_Aim of the task_
The answer must consist of each line of the records below that contains the string "White".

━━━━━ Exercise inputs ━━━━━

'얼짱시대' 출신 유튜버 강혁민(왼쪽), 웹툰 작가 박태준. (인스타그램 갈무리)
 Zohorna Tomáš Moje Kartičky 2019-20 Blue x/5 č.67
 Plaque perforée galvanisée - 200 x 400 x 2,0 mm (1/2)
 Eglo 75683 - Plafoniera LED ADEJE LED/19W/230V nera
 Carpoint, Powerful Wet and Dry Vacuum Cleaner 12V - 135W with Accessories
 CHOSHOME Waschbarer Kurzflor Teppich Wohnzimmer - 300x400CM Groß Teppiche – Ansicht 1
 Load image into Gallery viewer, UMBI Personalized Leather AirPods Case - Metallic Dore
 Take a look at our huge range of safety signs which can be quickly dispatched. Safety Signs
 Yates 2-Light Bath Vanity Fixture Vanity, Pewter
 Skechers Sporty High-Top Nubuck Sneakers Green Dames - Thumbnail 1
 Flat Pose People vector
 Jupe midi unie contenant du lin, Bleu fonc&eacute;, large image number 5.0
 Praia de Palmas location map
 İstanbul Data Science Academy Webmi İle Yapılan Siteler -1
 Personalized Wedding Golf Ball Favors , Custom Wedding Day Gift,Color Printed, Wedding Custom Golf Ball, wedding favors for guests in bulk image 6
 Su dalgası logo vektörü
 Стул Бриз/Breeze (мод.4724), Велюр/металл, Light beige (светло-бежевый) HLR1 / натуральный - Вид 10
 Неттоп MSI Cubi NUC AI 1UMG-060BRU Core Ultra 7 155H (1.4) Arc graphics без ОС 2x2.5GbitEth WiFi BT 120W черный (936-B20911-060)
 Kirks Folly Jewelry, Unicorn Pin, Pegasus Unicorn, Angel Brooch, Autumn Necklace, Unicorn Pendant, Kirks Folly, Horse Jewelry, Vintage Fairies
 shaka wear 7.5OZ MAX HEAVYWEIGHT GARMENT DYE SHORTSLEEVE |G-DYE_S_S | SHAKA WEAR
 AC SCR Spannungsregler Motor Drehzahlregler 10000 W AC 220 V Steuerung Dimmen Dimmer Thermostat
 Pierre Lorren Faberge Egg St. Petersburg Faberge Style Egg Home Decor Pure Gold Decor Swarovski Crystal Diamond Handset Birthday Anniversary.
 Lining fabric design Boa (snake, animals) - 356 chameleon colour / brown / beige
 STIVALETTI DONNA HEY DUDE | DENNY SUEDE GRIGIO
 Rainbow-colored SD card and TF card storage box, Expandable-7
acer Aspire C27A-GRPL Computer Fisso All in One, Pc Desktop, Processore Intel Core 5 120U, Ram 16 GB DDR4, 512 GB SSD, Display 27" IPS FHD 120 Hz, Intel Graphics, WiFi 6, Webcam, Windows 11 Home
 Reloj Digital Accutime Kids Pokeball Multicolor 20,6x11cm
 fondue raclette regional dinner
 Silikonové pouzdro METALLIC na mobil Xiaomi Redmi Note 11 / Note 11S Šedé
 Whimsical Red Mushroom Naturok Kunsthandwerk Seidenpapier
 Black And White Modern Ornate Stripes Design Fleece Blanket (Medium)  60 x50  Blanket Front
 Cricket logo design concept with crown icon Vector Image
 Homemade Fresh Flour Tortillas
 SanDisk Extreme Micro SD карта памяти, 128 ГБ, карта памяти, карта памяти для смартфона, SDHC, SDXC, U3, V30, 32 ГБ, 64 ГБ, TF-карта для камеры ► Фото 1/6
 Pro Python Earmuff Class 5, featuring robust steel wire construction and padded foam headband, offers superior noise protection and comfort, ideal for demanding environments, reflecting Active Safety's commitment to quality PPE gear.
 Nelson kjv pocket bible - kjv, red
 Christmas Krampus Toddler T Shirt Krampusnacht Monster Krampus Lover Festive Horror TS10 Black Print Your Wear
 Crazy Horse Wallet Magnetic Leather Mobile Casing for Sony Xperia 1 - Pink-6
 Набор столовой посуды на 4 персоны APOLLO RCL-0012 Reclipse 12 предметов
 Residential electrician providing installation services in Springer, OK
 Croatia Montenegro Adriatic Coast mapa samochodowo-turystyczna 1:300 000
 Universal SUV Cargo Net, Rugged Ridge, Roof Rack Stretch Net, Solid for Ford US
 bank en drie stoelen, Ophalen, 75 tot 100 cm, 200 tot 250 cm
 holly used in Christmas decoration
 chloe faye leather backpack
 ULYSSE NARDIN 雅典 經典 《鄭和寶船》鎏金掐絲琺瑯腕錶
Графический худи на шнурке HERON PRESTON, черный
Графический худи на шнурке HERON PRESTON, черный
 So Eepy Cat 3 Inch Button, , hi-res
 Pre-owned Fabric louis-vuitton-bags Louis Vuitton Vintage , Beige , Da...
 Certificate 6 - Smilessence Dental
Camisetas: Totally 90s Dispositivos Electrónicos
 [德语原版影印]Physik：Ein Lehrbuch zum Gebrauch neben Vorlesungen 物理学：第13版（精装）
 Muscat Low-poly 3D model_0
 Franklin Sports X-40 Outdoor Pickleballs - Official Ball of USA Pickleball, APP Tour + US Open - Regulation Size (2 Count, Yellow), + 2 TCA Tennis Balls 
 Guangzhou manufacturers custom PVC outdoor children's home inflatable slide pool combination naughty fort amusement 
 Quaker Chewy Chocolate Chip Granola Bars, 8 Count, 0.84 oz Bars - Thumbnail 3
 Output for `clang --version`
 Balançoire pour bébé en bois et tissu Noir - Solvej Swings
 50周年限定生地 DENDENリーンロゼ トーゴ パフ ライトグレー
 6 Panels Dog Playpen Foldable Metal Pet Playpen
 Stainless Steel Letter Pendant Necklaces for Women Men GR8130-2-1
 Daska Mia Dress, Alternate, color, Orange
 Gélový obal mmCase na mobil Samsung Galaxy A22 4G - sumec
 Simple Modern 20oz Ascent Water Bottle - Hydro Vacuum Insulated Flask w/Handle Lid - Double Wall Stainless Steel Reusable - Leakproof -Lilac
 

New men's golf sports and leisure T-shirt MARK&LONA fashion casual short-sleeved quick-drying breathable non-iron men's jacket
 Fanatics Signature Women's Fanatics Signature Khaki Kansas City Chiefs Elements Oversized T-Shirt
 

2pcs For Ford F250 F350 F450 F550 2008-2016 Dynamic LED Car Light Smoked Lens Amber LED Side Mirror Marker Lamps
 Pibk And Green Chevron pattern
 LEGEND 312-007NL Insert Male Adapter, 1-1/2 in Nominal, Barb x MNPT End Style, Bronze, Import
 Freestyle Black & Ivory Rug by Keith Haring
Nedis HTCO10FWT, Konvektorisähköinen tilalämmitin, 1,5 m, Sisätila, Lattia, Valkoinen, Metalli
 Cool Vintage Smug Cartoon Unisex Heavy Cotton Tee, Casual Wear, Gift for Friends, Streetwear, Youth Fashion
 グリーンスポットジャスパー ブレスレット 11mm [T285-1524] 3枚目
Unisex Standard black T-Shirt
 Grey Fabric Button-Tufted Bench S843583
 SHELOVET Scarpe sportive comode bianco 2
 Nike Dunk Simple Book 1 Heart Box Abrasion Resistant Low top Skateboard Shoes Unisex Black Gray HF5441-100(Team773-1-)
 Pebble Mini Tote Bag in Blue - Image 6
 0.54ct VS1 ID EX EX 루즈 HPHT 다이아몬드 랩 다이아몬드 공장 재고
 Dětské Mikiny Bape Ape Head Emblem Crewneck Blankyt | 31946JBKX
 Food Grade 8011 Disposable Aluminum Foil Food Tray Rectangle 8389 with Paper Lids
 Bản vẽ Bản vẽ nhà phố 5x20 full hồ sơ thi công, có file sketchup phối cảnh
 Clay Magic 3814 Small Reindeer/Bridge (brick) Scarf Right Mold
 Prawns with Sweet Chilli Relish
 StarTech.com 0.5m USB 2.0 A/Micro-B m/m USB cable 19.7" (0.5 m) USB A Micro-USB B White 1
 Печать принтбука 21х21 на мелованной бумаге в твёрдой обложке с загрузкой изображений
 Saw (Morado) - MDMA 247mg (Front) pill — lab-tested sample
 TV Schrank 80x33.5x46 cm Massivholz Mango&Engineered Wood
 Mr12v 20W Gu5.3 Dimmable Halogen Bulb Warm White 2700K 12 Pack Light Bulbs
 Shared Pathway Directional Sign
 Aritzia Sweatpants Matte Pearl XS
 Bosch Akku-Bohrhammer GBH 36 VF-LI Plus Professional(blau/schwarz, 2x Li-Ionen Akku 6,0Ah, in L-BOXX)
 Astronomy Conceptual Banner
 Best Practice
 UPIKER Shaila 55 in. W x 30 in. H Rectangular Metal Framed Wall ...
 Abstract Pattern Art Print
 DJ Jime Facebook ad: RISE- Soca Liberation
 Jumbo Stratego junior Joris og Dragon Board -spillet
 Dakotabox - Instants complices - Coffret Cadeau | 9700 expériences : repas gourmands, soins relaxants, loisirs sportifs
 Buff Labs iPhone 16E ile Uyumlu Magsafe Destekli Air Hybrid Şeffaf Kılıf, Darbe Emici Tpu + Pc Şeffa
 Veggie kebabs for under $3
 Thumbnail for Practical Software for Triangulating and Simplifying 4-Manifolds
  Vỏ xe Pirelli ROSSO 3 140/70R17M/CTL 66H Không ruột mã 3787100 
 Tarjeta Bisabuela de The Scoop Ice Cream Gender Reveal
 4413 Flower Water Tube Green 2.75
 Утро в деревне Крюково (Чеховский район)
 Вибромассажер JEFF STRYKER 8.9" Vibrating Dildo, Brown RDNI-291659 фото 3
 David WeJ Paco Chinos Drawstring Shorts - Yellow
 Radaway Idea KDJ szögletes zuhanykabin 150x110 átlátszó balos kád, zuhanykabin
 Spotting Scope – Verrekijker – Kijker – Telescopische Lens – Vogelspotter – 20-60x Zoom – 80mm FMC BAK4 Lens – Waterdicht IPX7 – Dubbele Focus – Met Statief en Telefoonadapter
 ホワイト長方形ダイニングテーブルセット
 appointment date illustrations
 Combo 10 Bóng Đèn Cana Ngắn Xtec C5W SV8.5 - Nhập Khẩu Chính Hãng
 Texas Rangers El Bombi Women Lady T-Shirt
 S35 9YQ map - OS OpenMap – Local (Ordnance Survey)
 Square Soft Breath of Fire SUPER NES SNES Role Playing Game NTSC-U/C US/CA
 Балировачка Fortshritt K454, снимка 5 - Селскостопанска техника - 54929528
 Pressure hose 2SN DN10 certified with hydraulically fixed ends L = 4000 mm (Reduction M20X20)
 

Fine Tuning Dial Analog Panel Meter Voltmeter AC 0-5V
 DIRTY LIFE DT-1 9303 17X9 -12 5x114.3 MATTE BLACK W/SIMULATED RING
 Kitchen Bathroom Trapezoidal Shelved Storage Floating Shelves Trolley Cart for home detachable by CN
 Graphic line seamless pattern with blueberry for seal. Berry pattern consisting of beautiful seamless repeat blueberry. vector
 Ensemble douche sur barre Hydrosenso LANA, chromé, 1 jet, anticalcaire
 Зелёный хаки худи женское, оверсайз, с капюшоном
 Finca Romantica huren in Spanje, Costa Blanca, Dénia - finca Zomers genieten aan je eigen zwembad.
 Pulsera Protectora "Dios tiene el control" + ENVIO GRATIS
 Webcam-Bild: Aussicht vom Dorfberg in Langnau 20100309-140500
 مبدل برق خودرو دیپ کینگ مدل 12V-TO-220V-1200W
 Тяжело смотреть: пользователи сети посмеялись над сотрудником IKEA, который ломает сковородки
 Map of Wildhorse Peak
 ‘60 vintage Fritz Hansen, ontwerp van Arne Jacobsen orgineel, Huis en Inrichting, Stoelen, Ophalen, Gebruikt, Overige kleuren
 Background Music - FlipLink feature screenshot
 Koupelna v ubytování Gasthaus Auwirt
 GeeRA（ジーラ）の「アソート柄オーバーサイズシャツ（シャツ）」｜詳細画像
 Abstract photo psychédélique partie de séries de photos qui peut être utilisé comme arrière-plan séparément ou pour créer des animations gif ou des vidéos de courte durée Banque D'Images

━━━━━

_Response to this exercise_
 Black And White Modern Ornate Stripes Design Fleece Blanket (Medium)  60 x50  Blanket Front
 StarTech.com 0.5m USB 2.0 A/Micro-B m/m USB cable 19.7" (0.5 m) USB A Micro-USB B White 1
 Mr12v 20W Gu5.3 Dimmable Halogen Bulb Warm White 2700K 12 Pack Light Bulbs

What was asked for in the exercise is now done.